DATA EXTRACT Start Marker
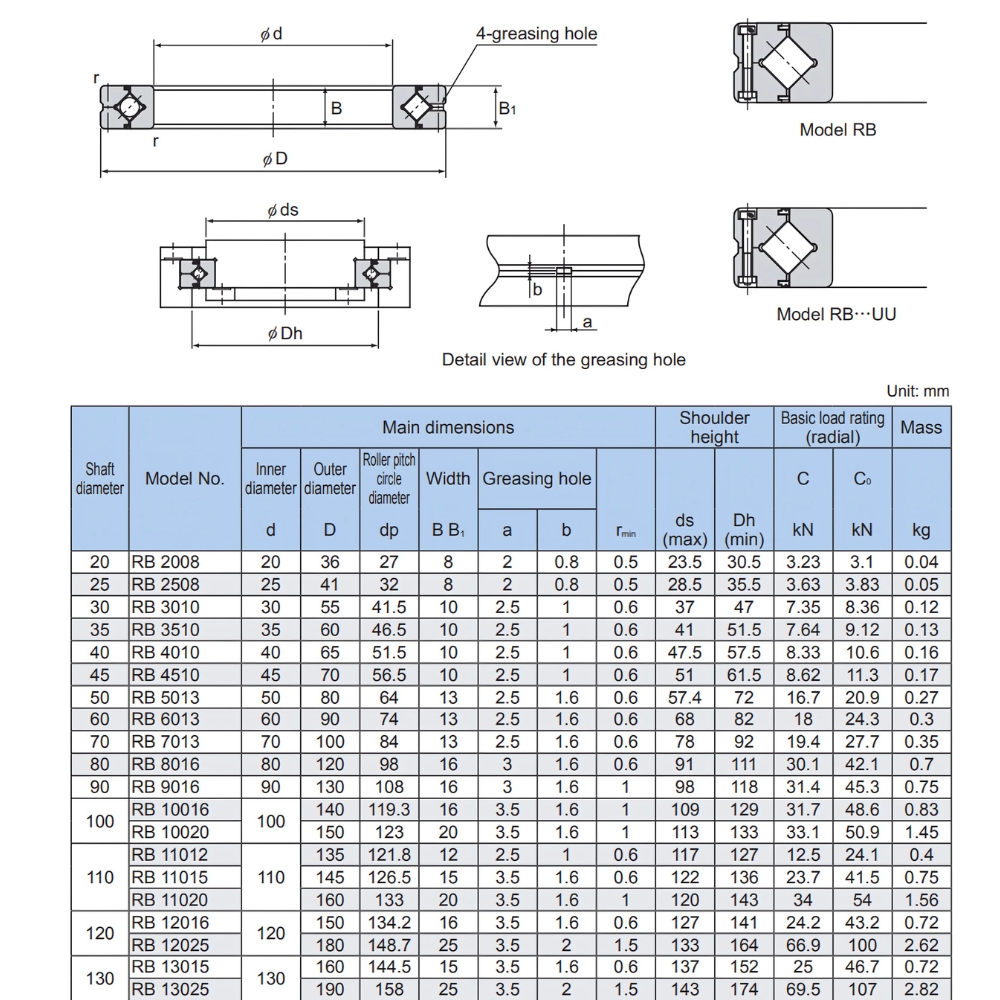 Thông số kỹ thuật vòng bi mâm xoay RB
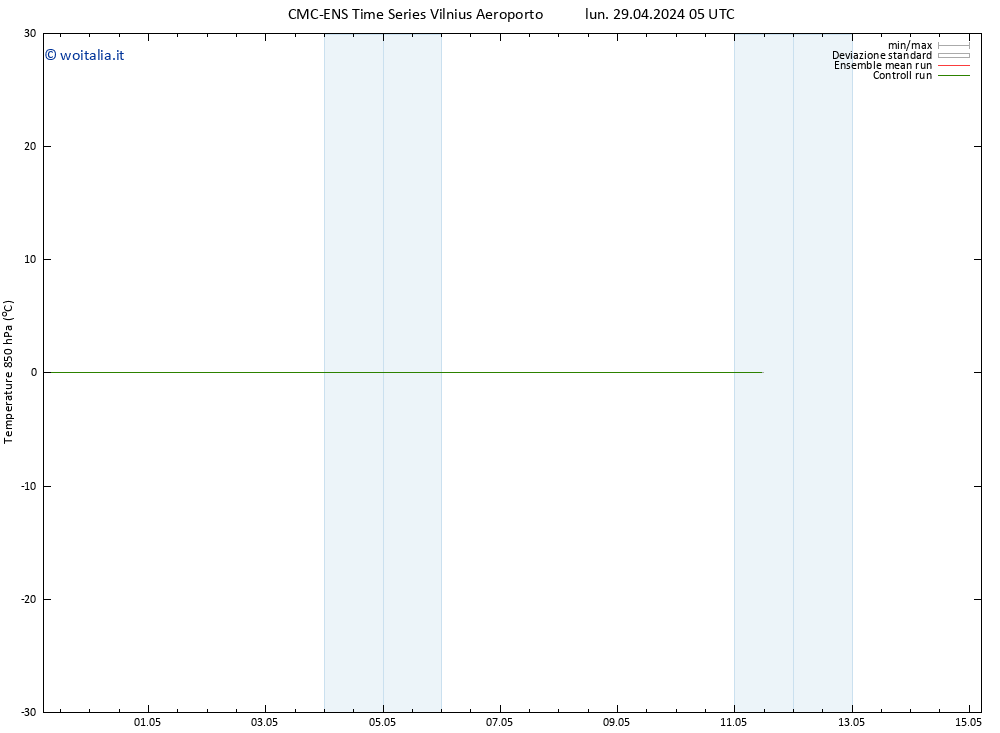 Temp. 850 hPa CMC TS lun 29.04.2024 11 UTC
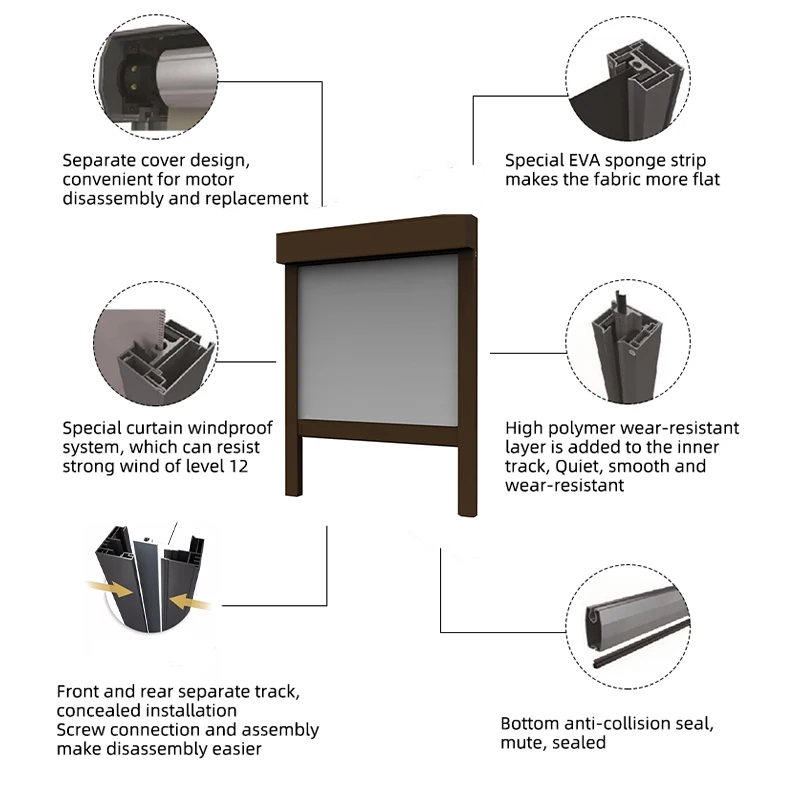 Motorized Outdoor Zip Screen Canvas Blind Waterproof Windproof Patio Automatic Electric Ziptrack Aluminum Outdoor Roller Blinds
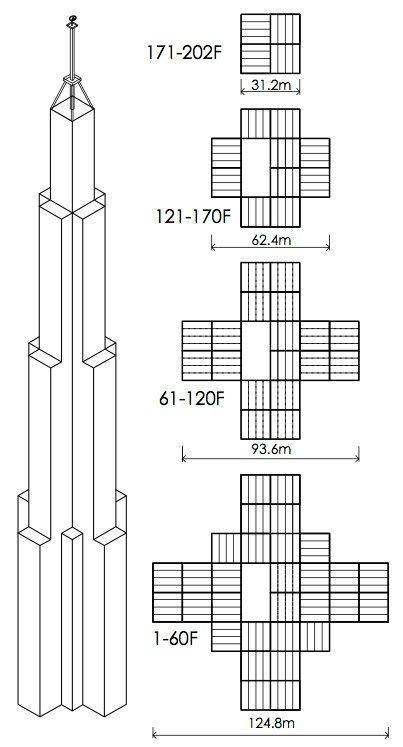 Zhang Yue’s “pyramid” approach.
DATA EXTRACT End Marker
=== DESCRIPTION OF THE TASK ===
Give back the full listing above word for word, and let no picture through.

=== RESULT ===
 Thông số kỹ thuật vòng bi mâm xoay RB
 Temp. 850 hPa CMC TS lun 29.04.2024 11 UTC
 Motorized Outdoor Zip Screen Canvas Blind Waterproof Windproof Patio Automatic Electric Ziptrack Aluminum Outdoor Roller Blinds
 Zhang Yue’s “pyramid” approach.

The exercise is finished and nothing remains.